I built in some functionality to allow for confusion matrix creation for tabular data. I essentially adapted the ClassificationInterpretation class in the vision section to work with tabular and made class ClassificationInterpretationTabular in /tabular/models.py. Thought this could be useful for others as well so I submitted a PR
ClassificationInterpretationTabular has methods plot_confusion_matrix which returns plot and confusion_matrix which returns numpy array.
@mchaykow, Great Job!!! Just wanted to put my $.02 in, here’s a snippet to get most_confused working:
def most_confused(self, min_val:int=1, slice_size:int=1)->Collection[Tuple[str,str,int]]:
"Sorted descending list of largest non-diagonal entries of confusion matrix, presented as actual, predicted, number of occurrences."
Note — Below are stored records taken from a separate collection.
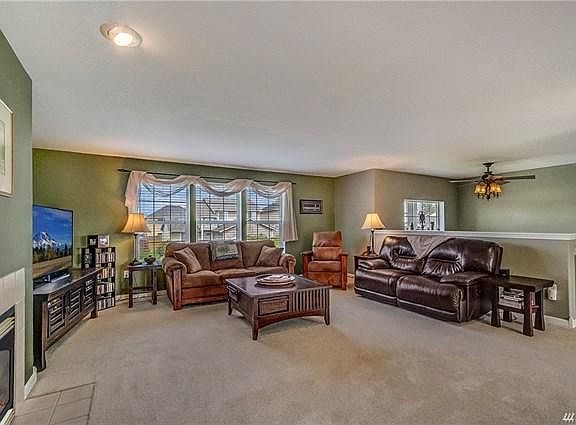 3rd image of 1202 187th Street Ct E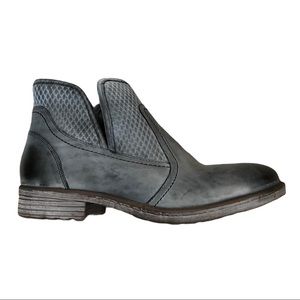 ROAN Gray Leather Gossip Bootie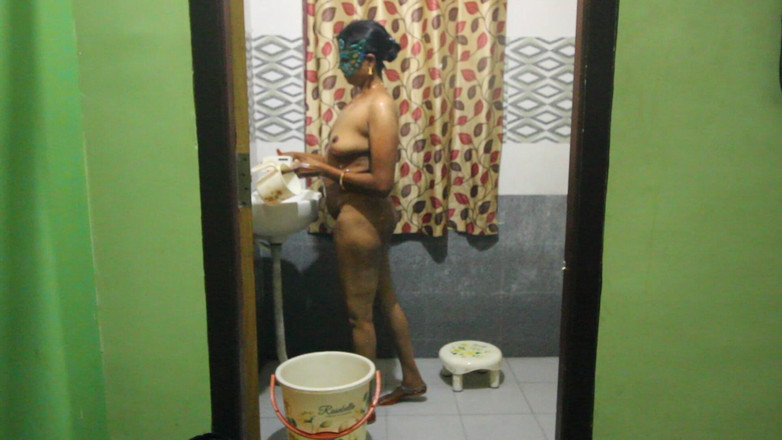 Desi Homemade Videos: Geile rijpe Indische tante gefilmd tijdens het douchen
cm = self.confusion_matrix()
np.fill_diagonal(cm, 0)
res = [(self.data.classes[i],self.data.classes[j],cm[i,j])
for i,j in zip(*np.where(cm>=min_val))]
return sorted(res, key=itemgetter(2), reverse=True)
The only thing that had to be adjusted was the confusion_matrix input. Not sure if you had discovered that yet or not
Hey, thanks for the follow up. I’m not sure removing the confusion matrix input here would make a difference unless your slice_size was different than 1 for the most_confused call because the default slice_size for confusion_matrix is already 1. Try setting slice_size=1 in your most_confused call and see if that fixes it as well.
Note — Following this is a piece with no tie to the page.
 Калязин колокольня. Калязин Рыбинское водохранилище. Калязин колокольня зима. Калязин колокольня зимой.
Are you referencing this issue? I was under the impression @sgugger resolved this.
I think he did, apologies! I originally didn’t notice it in the github functions so I was not sure One thing I will ask though, did you find a way to get top_losses working? It would be a bit different than the normal image-related one to me, where instead we return the idx in the dataframe (if that’s not already what topk does?)
Looks like it does, but what I would rather have for a tabular dataset is a plot_top_losses function where it shows the dataframe row itself. Let me know if that is worth exploring
No there is not. I posted to the dev forum but I’m unsure if it is worth PRing as I’m fairly new to trying to get stuff implemented I’m trying out. How do I go about that?
You can fork the library and then add in your function. Then run the tests in the /tests/ directory and make sure everything is working ok and then follow the steps here. Commit your changes along the way as you update the code to make sure there’s a history of your edits. Then just wait for approval.
I also posted a gist of the tests to show they run ok as I commit new changes.